Even in the absence of fire, temperatures could be horribly high. Northumberland ’s cooling system was a network of pipes carrying cold water. Just before we joined the ship, this cooling system had broken down – not good in such a hot environment, and it meant that everyone was cooking in their cabins. The ship
never sleeps. Everyone on board is on a continuous rotation and there is a constant hubbub of activity as the crew goes about their business of keeping this floating town operational and, at the same time, performing their crucial military task: hunting for pirates.
There was a palpable sense of tension as Northumberland prepared to leave the relative security of Salalah. Some of that tension derived from the fact that manoeuvring a frigate out of port is a complicated business. Get it wrong and you can do some serious damage to a very expensive ship. All hands were on deck, and anxious sailors looked nervously over the side to check that everything was going as it should. After all, scraping a Type 23 isn’t like scratching your mum’s car. But the tension wasn’t just down to the difficulty of moving this massive but strangely delicate ship out of harbour. Everyone was well aware that as soon as we moved out of Omani waters, we’d be in Pirate Alley. It didn’t matter that we were aboard a Royal Navy warship. We’d be searching for dangerous men carrying dangerous weapons and you could sense the ship was moving from a relaxed state to an operational one.

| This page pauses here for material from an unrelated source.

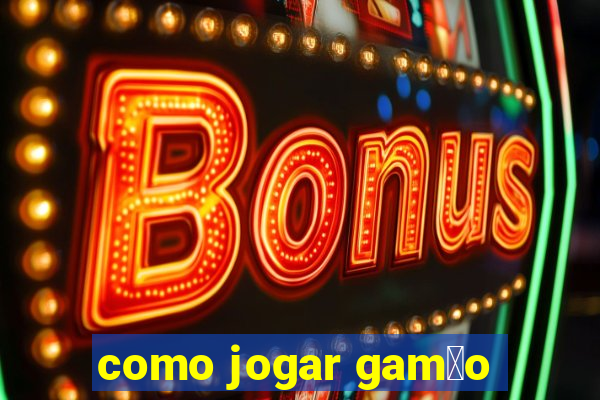 como jogar gam茫o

As soon as we were out of harbour, I joined Commander Simpson up on the bridge. This is the hub of the ship, and it was alive with activity. Orders were given and carried out; information came in over the radio to be processed and disseminated; bearings were taken; and a lookout kept constant watch over the surrounding water through a set of powerful binoculars. It was a hard-working, utilitarian place, but not without its comforts. Martin Simpson had engaged a friend of his who worked at an Aston Martin garage to make a seat for him – not exactly standard navy issue, but more comfortable (and more slick) for the boss’s behind than whatever arrangement it replaced. The Aston Martin accessory took centre stage in the middle of the bridge. Simpson was chuffed to bits with it.
As we stood together on the bridge, he explained to me what his operational priorities were. Number one: to protect World Food Programme ships delivering food aid into Somalia. Number two: to protect other vulnerable shipping in the Gulf of Aden. Number three: to arrest pirates.